Witnesses at the scene of a deadly explosion at Manchester Arena in the UK have described being thrown in the air and trampled trying to get out.
At least 22 people are dead and nearly 60 others are injured after the explosion, which struck about 10.35pm local time, shortly after US pop star Ariana Grande had finished performing at the arena. Police said a solo suicide bomber was behind the attack.
- Find out more in our full report on the events or follow our live blog.
- Check a quick summary of what we know about the attack so far.
A young woman described people being trampled as panicked concert-goers tried to rush out of the doors of the arena.
Jessica Hough, a 21-year-old student vet, told Checkpoint with John Campbell she was at the concert and heading for the exit when the explosion happened, and then everyone turned back towards her.
She said people were screaming and running towards the stage, before she managed to get out of a back entrance just as a second explosion happened.
"There was blood all over the floor as we were leaving," she said.
"Shrapnel hitting them ... People just being trampled trying to get out and crushed trying to get out the doors. One person with just their whole T-shirt covered in blood."
Ms Hough said she and many other concert-goers were taken to a nearby hotel, which was now in lockdown.
Andy Holey, who had gone to the arena to pick up his wife and daughter who had been at the concert, said one of the blasts knocked him off his feet.
"As I was waiting, an explosion went off and it threw me about 30 feet, from one set of doors to the other set of doors.
"When I got up I saw bodies lying on the ground. My first thought was to go into the arena to try to find my family.
"When I couldn't find them, I went outside with the police and fire and looked through some of the bodies to try and find my wife and daughter.
"I managed to find them eventually and they're OK.
"It was definitely an explosion and it was some force. It happened near the box office at the entrance to the arena."
Mother grateful for lucky escape
One caller to BBC Radio Manchester, Emma Johnson, said she and her husband were at the arena to pick up their daughter, 15, and son, 17, who had been to the concert.
"It was definitely a bomb. It was definitely in the foyer - about 15 feet away. We were stood at the top of the stairs and the glass exploded - it was near to where they were selling the merchandise.
"The whole building shook. There was a blast and then a flash of fire afterwards.
"We obviously then run to try and find our children and fortunately for us we were all safe to tell the story.
"We're just so grateful to be home and safe - I'm just praying for everybody else with loved ones there."
A group of young men from Sheffield told The Guardian they had seen a number of people covered in blood and others being carried out.
"Ariana Grande had just gone behind the curtain and the lights came up when there was this massive bang and a big cloud of smoke. I saw five people with blood all down them," said one.
Jade Baynes, 18, from Hull, told the newspaper armed police asked her to run from the area. She heard loud bangs and what sounded like gunshots just after Grande had finished.
"There were just a loud bang and a flash and everyone tried to scramble out. An alarm came on telling everyone to stay calm but leave as quickly as possible."

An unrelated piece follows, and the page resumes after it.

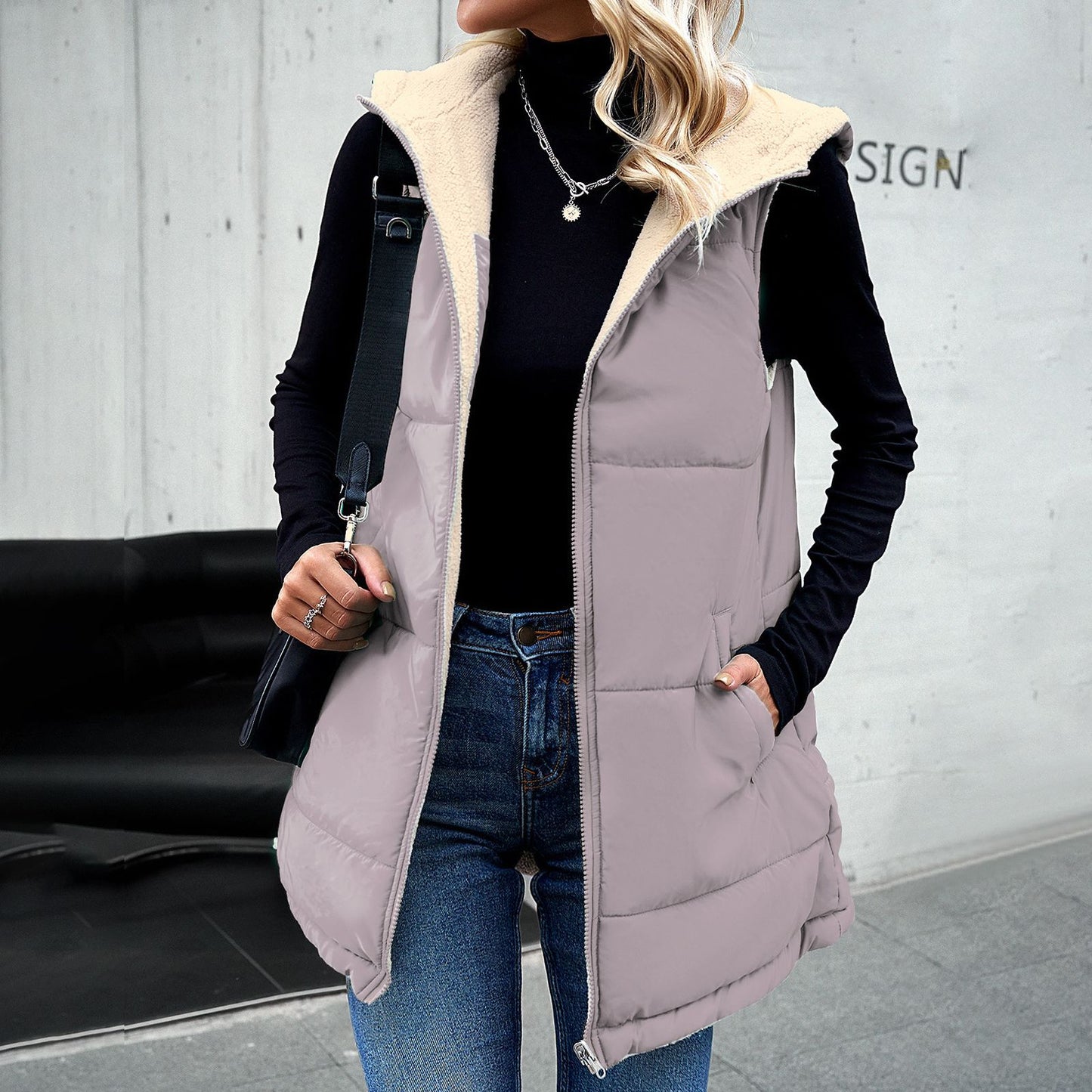 Lotus Color Women's Vest Sleeveless Fleece Jacket Hoodie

Eyewitness Jessica told the BBC: "It was shocking. Like I just heard this massive bang and then everyone just started running towards us screaming and crying.
"Everyone just trampled over us just to get out.
"I was shocked I didn't know what was going on. Everyone was sprinting so we were just getting stamped on and everything."
'Sickening' - NZer living in Manchester
A New Zealander living in Manchester said it was scary to think an explosion happened so close to her home.
Sarah Illingworth has been in Manchester for more than two years and lives just five minutes walk away from the arena.
The former Aucklander said there had been a constant stream of police sirens going off and helicopters flying overhead since the explosion.
"I just keep thinking about the fact that it's a pop concert with probably quite a lot of young kids and a lot of young girls, and it's pretty sickening to think that's an event someone would target.
"I mean it does shake you up that something like that can happen so close to you."